Is there both a song album and a score album?
Yes — Lakeshore issued a VA soundtrack and a separate Elia Cmiral score, each covering a different side of the film.
What songs define the waterpark opening vibe?
Limousines cuts (“Internet Killed the Video Star,” “Very Busy People”) and pop/electro entries like “Got Me in a Trance” set the candy tone.
Which cues score the attacks?
On the album, “Piranhas in the Pool,” “Barry’s Heroic Rescue,” “Battle for the Water Park,” and “Trident Aria” anchor the big set pieces.
Who handled music supervision?
Richard Glasser is credited on the film as music supervisor/executive in charge of music.
Are the VA tracks all in the movie?
They cover the on-screen party identity, but, as usual, the album is a curated selection rather than a complete dump of every source cue.

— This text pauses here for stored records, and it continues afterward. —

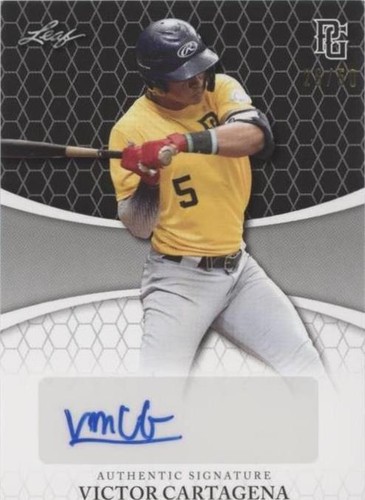 2022 Leaf Perfect Game National Showcase - Victor Cartagena #BA-VC1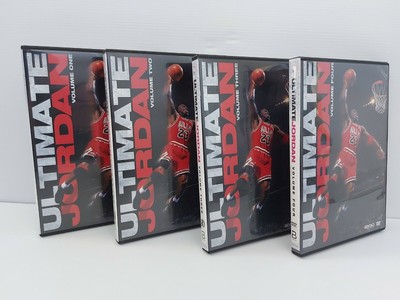 Ultimate Jordan 7 DVD Set NBA Chicago Bulls R4 Basketball Nike Air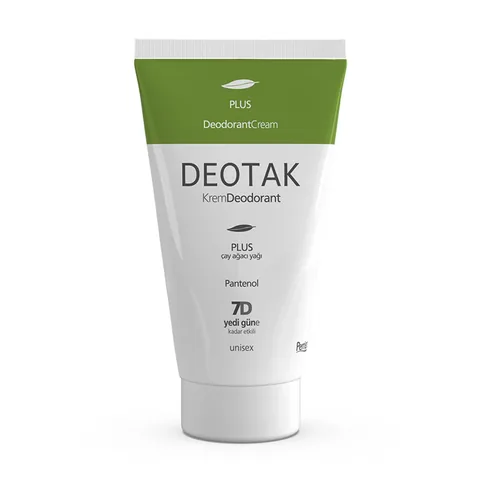 Deotak Deodorant Cream Tea Tree Oil 35 ml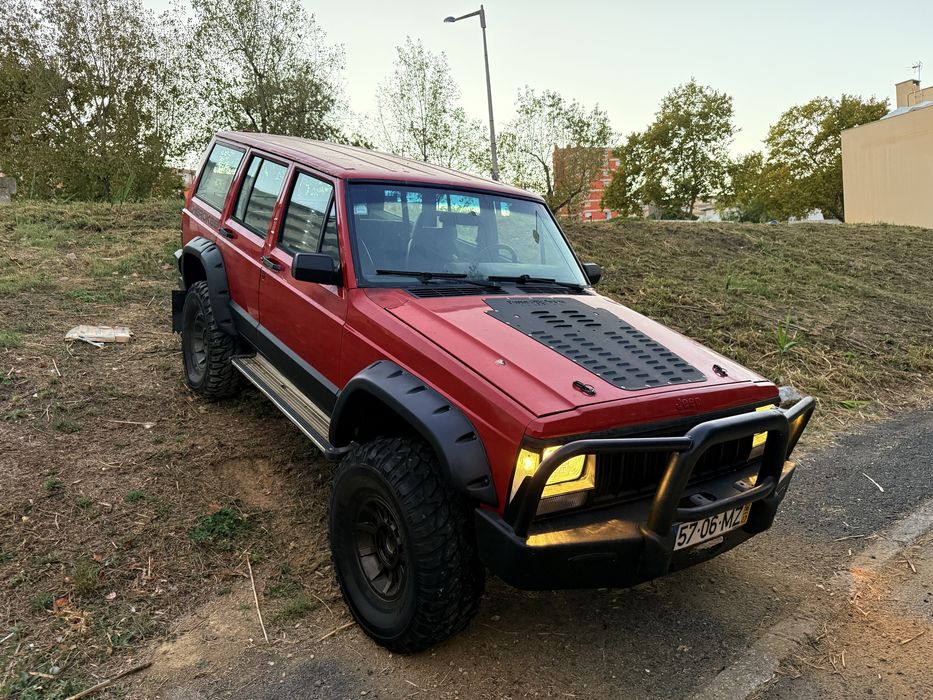 Jeep cherokee XJ 2.1TD Aceito retoma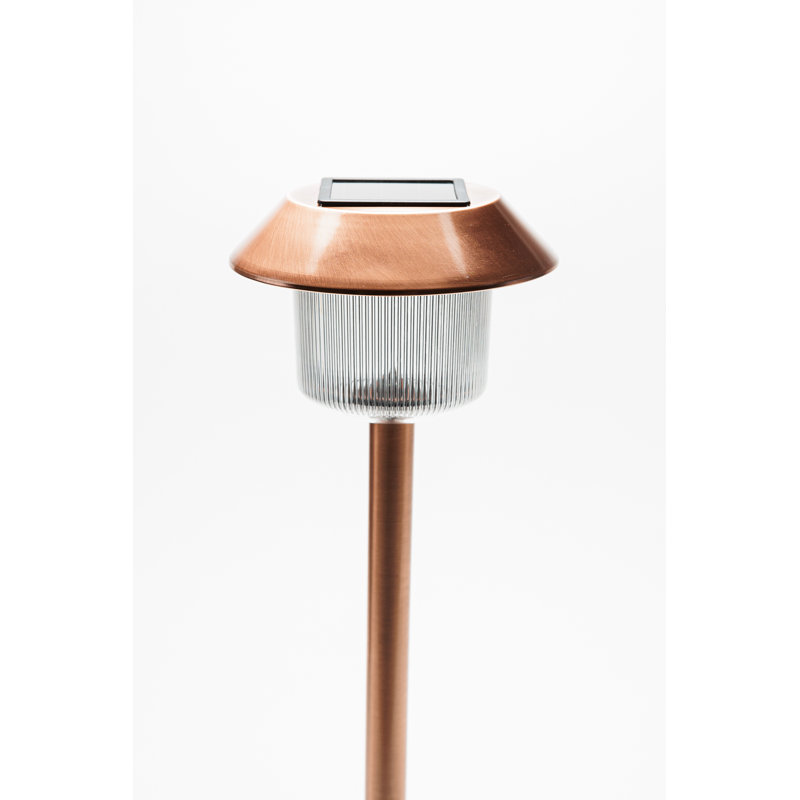 Vanesa Copper Low Voltage Integrated LED Metal Pathway Light Pack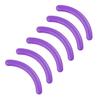 24 Pcs Curler Refill Eyelash Curler Refill Pads Silicone Rubber Soft Curler Replacement Refills Pads for Universal Eyelash Curler (Purple) view 1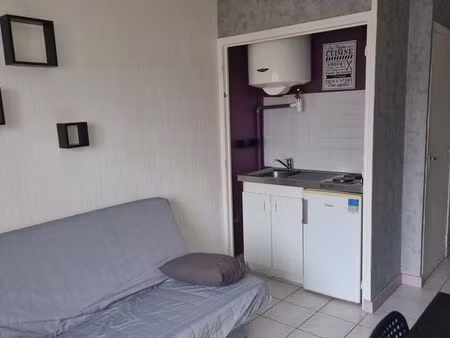 studio meublé équipé avec balcon roanne riorges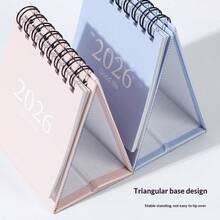 2026 Mini Desk Calendar Is Suitable For Homes And Office Workspaces. - Multicolor - View 4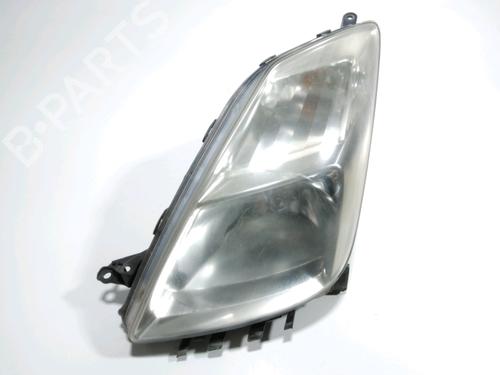 Koplamp links TOYOTA PRIUS Liftback (_W2_) 1.5 Hybrid (NHW20_, NHW20R) (112 hp) 28266660
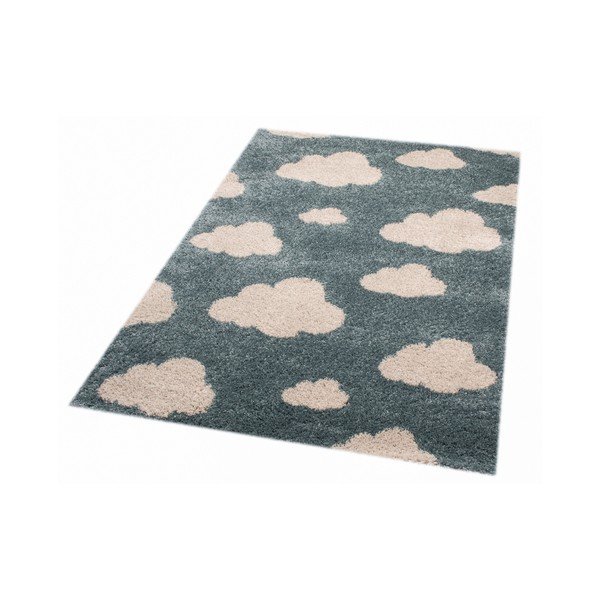 Otroška modra preproga Zala Living Cloud, 120 x 170 cm-image-2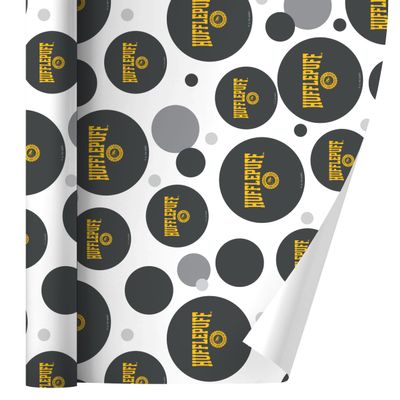 GRAPHICS & MORE Harry Potter Hufflepuff Seal Gift Wrap Wrapping Paper Roll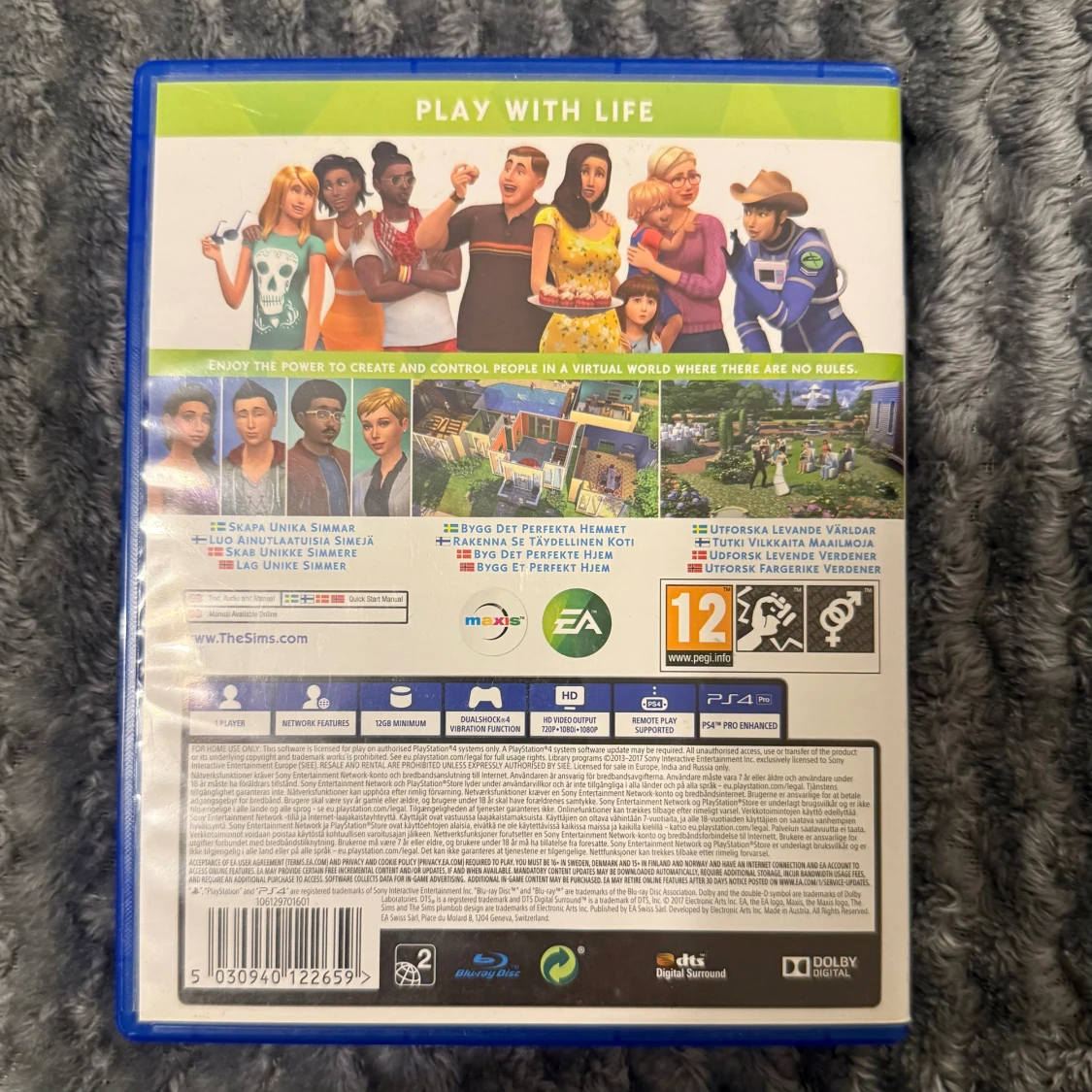 The Sims 4 PS4 - 1
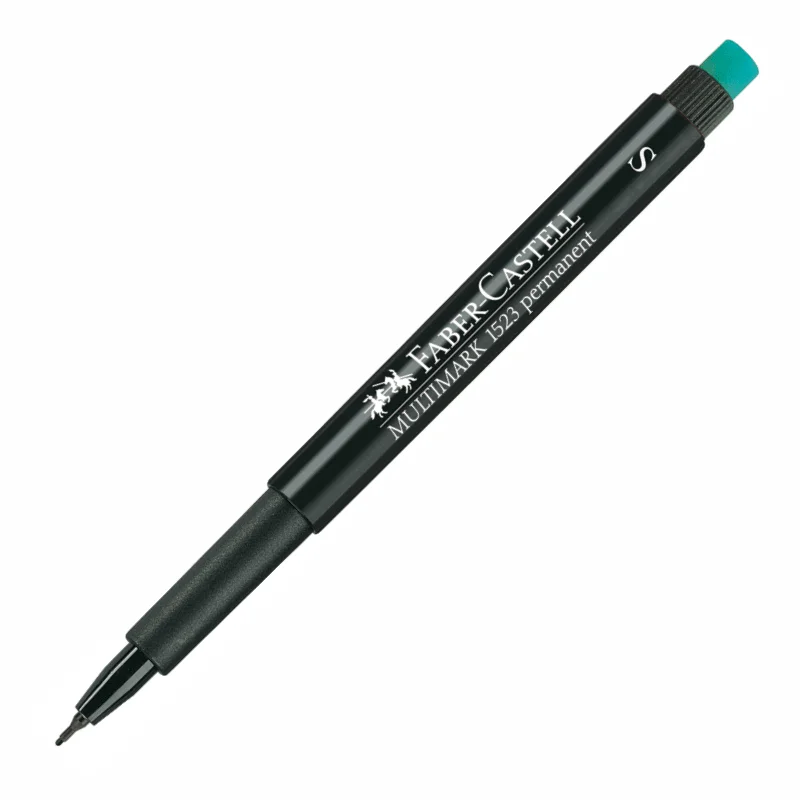 FABER (S) SİYAH PERMANENT KALEM 152399 (Best)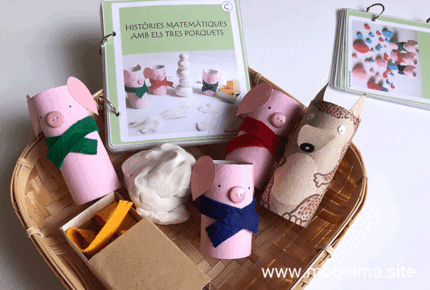HISTÒRIES MATEMÀTIQUES AMB ELS TRES PORQUETS (C)-1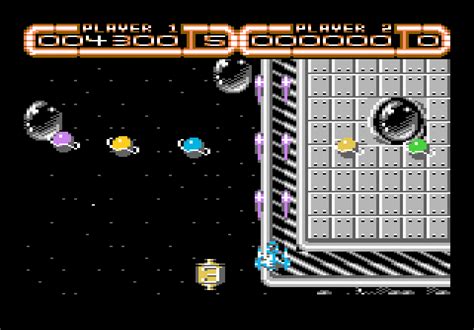 AtariAge - Atari 7800 Screenshots - Plutos (Tynesoft)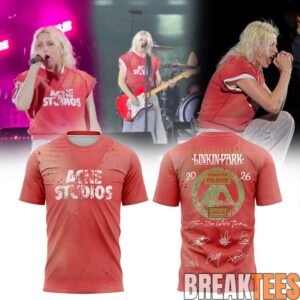 Linkin Park brought their From Zero World Tour to Festivalpark in Werchter, Belgium Shirt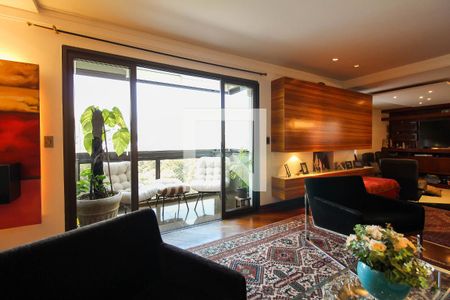 Sala de apartamento para alugar com 5 quartos, 242m² em Parque da Mooca, São Paulo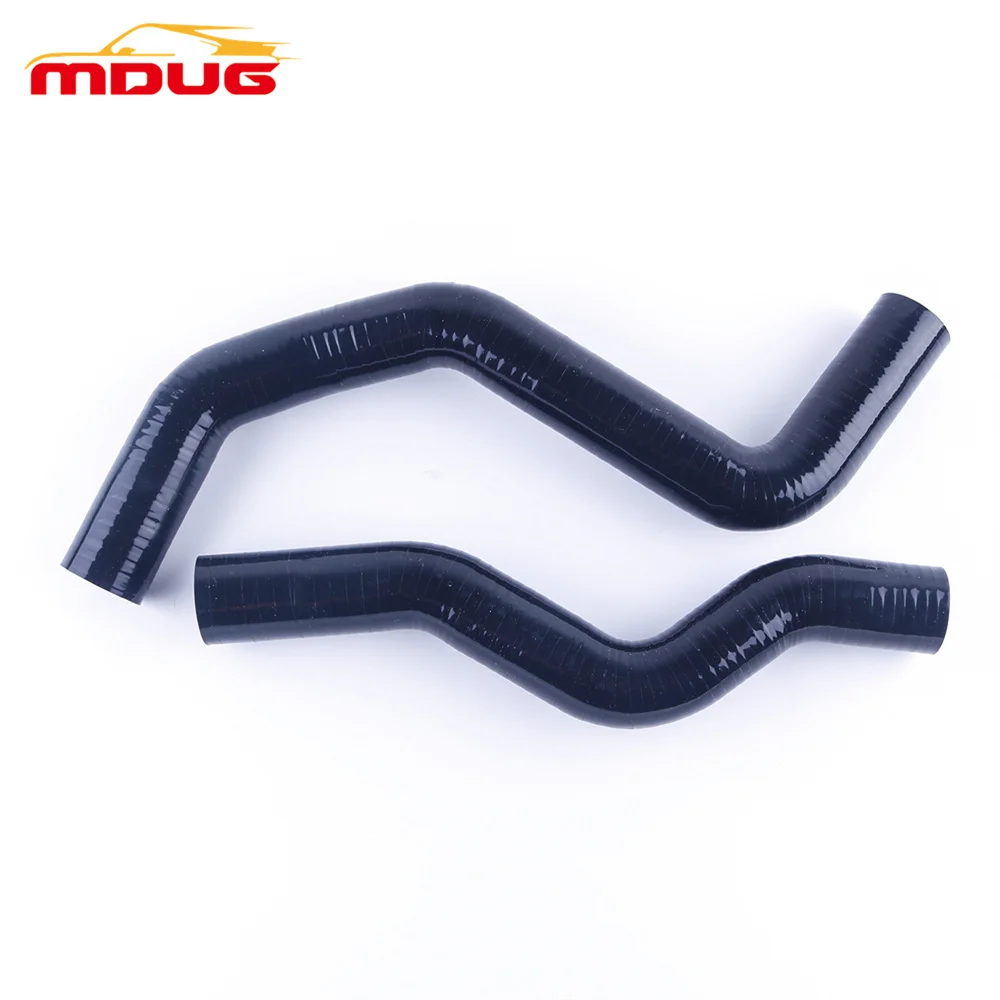 Silicone Radiator Hose Pipe For MITSUBISHI LANCER Evolution EVO 6 CP9A 4G63 1999-2001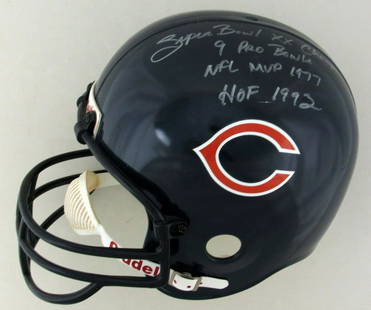 Walter Payton Signed Heavily Inscribed Chicago Bears Career STAT Helmet PSA DNA: Walter Payton Signed Heavily Inscribed Chicago Bears Career STAT Helmet PSA DNA Product: Helmet Sport: Football-NFL Autograph Authentication: Professional Sports Authenticator (PSA) Team: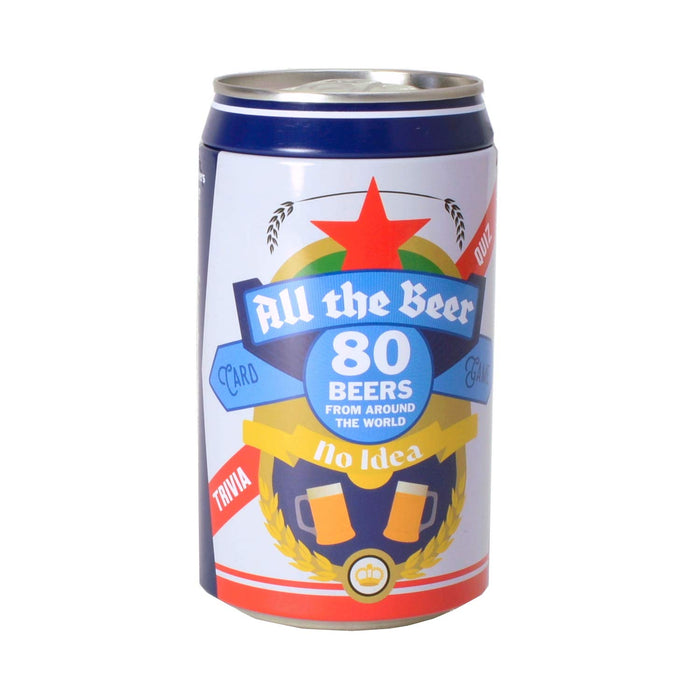 Bubblegum Stuff All The Beer, No Idea Game - Guess The Beers Fun Flash Card Game - Multiple Gameplay Trivia Game - Suitable for Adults and Teenagers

Canonical Entities & Relations

SubjectRelationObject
John GulagerdirectedPiranha 3DD (2012 film)
Elia Cmiralcomposed score forPiranha 3DD (2012 film)
Lakeshore RecordsreleasedPiranha 3DD (Soundtrack & Score), 2012
Richard Glassermusic supervisedPiranha 3DD (2012 film)
The Limousinesperformed“Internet Killed the Video Star”; “Very Busy People” (VA album)
All the Right Movesperformed“The Impatient, the Imperfect, the Impossible” (VA album)
Marcus Latief Scottperformed“Got Me in a Trance” (VA album)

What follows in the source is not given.